Weaver referred to “Inc. 5000 conference” on October 24.
Uncle Nearest is founder and CEO Fawn Weaver denouncing what he calls a “vicious campaign” in his company’s ongoing acquisition case.
Weaver addressed the ongoing receivership battle during a talk titled “Reviving Your Company in Troubled Times.”Inc. 5000 Conference on Oct. 24, discussing the company’s reported default on $108 million in loans to Kentucky lender Farm Credit.
“Martha’s Vineyard was a smear campaign tactic,” Weaver said captured by Inc. “Their hope was that the judge would see it, accept the flaw and hand them the keys to my company.”
Earlier this month, receiver Phillip Young asked a judge to rule whether additional assets related to the Uncle Nearest distillery, including a whiskey, restaurant and entertainment venue in Shelbyville, Tennessee, and the Martha’s Vineyard property purchased by the Weavers in 2023, are included.
On Oct. 21, Weaver, who founded the company with her husband, Keith, has been submitted Response to Opposition to Receiver’s Request to Place 10 Additional Businesses Under Court Control. The receiver sought “clarification” on whether to include those entities, citing an apparent mix-up of finances with the distillery being acquired in September.
In their filing, the Weavers argued that the entities are separate from the distillery and are not liable for its debts, warning that placing them under receivership would deprive them and others of their financial interests. The petition also claims that Uncle Nearest is not insolvent and has enough assets to pay off outstanding loans without involving other businesses.
“If you can get a judge to believe that we embezzled the funds to buy a property, let’s be clear, I’m from California, what I’m not going to do is buy a vacation home that’s not on the water in a city that doesn’t have sunshine nine months of the year,” Weaver said at the conference.
Weaver’s latest filing follows an August petition that claims that Application for Farm Credit “ignores critical context” and that the lender failed to take adequate legal steps to secure its claim to the property as collateral in the event of a loan default, a point Weaver reiterated at the conference.
“They had no security for our bail. And the question arises: why not? Why didn’t you ask to upgrade seven of our eight properties? Martha’s Vineyard is one of them,” Weaver said.
Nearest Green Distillery and Uncle Nearest Whiskey were placed into receivership last month. The brand, cited as the second best-selling Tennessee whiskey in the US after Jack Daniel’s, has won numerous awards and maintained sales growth despite a post-pandemic drop in alcohol consumption.

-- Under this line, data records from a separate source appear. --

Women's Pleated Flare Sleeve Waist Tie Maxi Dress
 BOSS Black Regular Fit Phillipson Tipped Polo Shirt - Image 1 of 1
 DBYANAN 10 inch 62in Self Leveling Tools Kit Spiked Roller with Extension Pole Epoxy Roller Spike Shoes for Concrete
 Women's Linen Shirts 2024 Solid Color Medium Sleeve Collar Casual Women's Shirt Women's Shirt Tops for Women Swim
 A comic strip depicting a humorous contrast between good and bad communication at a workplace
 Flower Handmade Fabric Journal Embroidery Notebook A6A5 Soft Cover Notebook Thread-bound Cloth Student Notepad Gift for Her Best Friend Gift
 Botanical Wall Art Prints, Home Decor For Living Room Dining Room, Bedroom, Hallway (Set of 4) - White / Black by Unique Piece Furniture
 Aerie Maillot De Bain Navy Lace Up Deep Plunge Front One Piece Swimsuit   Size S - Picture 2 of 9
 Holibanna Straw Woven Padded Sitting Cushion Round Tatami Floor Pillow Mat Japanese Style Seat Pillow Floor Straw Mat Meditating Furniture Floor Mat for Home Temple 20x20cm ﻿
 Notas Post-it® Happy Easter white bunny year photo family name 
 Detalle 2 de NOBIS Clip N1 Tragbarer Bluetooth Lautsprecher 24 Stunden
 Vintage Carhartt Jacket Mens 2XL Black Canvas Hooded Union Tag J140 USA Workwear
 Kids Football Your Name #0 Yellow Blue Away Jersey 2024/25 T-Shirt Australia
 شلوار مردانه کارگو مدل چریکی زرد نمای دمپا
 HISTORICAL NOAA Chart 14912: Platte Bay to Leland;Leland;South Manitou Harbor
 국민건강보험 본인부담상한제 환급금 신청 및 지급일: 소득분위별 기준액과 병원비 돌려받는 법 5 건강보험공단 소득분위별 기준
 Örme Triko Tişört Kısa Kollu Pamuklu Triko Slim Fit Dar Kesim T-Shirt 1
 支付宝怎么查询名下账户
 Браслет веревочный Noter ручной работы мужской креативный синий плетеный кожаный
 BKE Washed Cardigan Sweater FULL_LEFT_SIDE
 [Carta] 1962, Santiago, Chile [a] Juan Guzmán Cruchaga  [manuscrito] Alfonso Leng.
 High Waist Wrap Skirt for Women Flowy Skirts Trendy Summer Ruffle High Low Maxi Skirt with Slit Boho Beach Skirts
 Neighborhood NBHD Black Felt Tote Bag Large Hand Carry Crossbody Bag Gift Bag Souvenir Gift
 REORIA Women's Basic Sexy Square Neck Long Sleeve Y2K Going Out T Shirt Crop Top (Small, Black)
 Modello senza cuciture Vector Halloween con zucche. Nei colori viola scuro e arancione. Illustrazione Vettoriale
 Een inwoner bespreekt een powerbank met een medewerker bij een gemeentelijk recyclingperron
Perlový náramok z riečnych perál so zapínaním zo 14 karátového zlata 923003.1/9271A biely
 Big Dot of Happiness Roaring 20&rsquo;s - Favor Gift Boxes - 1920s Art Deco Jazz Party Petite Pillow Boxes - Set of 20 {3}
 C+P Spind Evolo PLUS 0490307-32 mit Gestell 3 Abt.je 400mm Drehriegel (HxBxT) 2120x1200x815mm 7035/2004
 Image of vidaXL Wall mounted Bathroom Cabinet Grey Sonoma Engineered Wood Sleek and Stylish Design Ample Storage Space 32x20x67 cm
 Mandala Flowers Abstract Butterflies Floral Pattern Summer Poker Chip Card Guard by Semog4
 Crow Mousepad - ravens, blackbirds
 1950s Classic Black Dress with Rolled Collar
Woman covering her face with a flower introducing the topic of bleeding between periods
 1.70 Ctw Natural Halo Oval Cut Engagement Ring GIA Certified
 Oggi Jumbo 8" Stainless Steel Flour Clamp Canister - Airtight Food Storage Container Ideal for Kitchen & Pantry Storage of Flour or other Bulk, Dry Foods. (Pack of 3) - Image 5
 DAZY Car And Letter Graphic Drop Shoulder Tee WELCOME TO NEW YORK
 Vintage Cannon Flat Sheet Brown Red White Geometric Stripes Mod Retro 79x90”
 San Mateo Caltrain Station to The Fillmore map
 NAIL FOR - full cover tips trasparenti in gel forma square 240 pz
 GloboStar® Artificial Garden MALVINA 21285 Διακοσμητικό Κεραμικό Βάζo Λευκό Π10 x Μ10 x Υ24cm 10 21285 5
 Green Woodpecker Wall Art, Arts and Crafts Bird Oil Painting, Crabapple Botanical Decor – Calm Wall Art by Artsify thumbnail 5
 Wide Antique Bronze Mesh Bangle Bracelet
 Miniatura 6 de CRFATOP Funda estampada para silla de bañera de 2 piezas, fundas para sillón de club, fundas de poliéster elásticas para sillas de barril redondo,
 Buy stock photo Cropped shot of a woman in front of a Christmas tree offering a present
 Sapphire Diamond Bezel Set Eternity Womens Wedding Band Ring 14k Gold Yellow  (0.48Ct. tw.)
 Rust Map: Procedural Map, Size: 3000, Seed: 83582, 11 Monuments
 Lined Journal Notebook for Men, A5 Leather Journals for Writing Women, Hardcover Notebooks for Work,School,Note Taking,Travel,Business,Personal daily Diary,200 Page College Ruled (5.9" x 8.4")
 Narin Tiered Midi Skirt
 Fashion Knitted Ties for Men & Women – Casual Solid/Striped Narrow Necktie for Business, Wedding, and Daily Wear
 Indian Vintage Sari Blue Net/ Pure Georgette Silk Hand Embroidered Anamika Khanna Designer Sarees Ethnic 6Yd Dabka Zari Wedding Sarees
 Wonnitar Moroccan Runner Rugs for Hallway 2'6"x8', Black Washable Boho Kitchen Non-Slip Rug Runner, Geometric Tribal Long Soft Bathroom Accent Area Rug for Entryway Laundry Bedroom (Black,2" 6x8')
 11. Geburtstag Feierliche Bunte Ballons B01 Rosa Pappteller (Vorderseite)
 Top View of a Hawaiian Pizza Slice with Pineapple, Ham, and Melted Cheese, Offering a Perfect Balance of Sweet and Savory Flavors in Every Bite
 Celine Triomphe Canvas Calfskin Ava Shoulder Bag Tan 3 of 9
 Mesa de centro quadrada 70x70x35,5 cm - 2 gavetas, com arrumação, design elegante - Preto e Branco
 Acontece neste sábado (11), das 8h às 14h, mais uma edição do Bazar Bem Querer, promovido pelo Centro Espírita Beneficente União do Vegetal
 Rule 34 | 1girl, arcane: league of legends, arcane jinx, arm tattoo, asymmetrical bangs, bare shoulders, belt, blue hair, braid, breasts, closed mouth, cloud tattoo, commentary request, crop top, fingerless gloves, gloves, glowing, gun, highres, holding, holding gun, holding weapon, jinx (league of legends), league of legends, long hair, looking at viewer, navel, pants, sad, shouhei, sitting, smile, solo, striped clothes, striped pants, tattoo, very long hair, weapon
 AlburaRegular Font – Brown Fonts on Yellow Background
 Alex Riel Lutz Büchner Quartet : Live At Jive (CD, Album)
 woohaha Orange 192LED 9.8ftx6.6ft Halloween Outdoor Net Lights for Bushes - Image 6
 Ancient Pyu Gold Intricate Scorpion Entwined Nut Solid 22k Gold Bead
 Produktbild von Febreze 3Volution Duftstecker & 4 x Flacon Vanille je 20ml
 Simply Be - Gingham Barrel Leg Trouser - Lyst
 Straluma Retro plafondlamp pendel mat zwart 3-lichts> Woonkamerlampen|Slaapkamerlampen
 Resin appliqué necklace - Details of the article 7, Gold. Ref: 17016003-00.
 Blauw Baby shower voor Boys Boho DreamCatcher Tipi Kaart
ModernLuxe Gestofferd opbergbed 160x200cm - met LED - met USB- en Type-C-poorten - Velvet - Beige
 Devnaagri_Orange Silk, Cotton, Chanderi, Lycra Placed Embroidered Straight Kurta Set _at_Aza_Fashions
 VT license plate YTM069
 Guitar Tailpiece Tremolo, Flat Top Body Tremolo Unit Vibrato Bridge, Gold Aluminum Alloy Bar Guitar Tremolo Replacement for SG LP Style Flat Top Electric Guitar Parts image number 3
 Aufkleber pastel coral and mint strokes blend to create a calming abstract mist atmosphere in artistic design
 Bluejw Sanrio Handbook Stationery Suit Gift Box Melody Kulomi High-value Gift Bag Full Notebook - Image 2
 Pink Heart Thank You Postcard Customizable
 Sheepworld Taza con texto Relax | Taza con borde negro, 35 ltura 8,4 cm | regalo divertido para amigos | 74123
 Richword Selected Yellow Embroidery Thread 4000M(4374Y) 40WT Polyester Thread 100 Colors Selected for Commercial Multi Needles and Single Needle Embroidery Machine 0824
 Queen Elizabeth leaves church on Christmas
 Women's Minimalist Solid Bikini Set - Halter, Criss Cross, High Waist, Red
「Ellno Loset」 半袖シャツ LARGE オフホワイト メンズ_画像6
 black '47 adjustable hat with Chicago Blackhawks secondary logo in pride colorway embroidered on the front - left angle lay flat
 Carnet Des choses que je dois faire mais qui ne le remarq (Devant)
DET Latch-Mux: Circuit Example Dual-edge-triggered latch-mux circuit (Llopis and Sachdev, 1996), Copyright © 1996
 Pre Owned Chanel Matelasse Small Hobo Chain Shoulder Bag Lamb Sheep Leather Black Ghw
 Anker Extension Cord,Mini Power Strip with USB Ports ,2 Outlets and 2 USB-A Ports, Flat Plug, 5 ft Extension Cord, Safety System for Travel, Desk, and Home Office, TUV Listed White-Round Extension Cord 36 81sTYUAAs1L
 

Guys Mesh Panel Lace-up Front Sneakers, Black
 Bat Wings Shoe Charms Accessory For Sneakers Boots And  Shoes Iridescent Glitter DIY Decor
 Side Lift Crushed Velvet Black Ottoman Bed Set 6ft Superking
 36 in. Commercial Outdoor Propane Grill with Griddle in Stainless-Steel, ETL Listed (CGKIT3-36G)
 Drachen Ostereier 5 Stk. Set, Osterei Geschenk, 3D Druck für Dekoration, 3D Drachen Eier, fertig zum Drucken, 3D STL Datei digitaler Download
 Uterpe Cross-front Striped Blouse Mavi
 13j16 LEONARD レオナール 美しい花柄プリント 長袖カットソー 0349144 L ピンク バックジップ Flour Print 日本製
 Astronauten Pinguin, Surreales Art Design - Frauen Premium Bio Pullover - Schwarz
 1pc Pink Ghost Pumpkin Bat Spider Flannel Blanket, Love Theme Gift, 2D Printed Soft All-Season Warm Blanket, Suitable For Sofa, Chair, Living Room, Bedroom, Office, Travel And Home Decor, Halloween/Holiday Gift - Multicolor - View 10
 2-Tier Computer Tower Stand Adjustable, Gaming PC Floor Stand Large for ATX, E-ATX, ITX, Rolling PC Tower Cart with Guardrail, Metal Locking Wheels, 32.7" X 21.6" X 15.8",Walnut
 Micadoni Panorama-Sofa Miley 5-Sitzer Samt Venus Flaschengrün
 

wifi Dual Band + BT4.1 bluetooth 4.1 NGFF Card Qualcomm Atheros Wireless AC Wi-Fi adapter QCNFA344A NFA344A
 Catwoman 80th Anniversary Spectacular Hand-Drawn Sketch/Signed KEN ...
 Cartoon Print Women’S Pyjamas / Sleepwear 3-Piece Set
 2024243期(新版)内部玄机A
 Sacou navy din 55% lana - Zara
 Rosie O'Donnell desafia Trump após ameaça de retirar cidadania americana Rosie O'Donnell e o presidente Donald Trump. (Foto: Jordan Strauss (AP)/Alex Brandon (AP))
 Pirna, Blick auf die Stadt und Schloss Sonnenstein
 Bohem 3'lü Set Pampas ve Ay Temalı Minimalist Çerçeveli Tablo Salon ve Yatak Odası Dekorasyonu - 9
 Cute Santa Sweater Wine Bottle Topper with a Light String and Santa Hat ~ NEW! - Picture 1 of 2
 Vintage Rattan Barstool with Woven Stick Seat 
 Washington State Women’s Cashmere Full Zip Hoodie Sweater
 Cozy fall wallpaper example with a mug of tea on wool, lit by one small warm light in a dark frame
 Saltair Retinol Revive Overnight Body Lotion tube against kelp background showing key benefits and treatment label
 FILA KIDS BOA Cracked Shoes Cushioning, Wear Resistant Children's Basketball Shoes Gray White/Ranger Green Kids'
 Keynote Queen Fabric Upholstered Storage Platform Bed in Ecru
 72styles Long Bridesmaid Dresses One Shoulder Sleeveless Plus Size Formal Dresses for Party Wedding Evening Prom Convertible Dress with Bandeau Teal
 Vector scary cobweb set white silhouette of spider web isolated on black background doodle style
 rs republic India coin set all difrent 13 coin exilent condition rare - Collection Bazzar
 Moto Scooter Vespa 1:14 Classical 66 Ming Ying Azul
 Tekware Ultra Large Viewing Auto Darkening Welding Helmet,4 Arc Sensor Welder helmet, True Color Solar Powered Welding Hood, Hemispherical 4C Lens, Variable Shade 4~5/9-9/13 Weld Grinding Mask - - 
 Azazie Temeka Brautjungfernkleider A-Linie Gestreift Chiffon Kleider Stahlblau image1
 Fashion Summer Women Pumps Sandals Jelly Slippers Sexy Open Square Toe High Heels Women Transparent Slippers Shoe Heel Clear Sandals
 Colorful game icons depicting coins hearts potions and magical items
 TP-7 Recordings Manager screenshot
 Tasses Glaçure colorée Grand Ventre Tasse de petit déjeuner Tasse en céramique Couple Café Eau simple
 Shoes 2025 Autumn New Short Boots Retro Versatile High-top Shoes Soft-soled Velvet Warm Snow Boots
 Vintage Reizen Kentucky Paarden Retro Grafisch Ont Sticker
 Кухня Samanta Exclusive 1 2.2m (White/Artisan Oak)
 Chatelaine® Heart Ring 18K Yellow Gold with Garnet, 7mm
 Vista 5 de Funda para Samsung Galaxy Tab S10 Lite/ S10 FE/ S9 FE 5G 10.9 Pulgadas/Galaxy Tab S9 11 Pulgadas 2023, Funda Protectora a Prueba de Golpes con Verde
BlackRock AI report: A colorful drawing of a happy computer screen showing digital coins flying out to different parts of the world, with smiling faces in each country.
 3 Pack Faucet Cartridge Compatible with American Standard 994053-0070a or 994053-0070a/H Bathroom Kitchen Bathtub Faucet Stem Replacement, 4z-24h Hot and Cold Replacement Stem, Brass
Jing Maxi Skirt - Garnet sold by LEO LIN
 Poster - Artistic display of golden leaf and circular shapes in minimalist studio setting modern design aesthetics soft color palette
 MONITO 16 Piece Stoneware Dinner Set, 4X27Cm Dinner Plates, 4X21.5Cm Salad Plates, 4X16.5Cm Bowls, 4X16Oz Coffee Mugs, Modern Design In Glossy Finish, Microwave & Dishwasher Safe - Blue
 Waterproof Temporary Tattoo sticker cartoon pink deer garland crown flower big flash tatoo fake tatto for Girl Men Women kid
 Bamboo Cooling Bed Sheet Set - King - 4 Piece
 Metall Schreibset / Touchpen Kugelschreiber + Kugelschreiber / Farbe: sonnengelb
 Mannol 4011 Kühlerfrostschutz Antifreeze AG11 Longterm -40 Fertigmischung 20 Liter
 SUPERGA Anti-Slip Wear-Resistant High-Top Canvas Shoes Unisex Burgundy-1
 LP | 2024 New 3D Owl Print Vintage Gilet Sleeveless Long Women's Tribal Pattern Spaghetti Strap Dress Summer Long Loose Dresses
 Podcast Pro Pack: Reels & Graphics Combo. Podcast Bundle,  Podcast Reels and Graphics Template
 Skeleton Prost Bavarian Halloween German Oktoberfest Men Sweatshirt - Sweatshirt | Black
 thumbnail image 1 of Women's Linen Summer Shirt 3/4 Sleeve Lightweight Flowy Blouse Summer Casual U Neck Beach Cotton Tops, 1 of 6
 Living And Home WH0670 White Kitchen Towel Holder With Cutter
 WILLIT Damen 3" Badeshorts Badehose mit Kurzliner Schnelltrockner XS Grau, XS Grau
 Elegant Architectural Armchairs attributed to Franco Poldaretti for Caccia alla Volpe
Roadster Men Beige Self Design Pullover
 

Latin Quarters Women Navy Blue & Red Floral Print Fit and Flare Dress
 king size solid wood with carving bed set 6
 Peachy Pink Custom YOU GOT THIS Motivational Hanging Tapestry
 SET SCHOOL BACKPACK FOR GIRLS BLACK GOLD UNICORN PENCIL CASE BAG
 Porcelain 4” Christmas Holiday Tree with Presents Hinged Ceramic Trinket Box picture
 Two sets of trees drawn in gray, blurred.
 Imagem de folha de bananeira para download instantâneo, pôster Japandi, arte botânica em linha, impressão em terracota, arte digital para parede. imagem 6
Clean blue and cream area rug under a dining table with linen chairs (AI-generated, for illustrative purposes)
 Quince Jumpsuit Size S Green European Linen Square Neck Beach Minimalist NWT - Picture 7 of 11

But the distillery is among several financial challenges as Americans drink less and exports decline amid trade tensions over President Donald Trump’s tariff war. Despite the receipt, Weaver remains loyal to the company he founded, seeing the struggle as part of the risks inherent in entrepreneurship.
“Every entrepreneur will have a moment in time when everything seems lost,” Weaver said. “The only difference between the people who have been the most successful entrepreneurs in American history and the ones who have failed is the ones who went down.”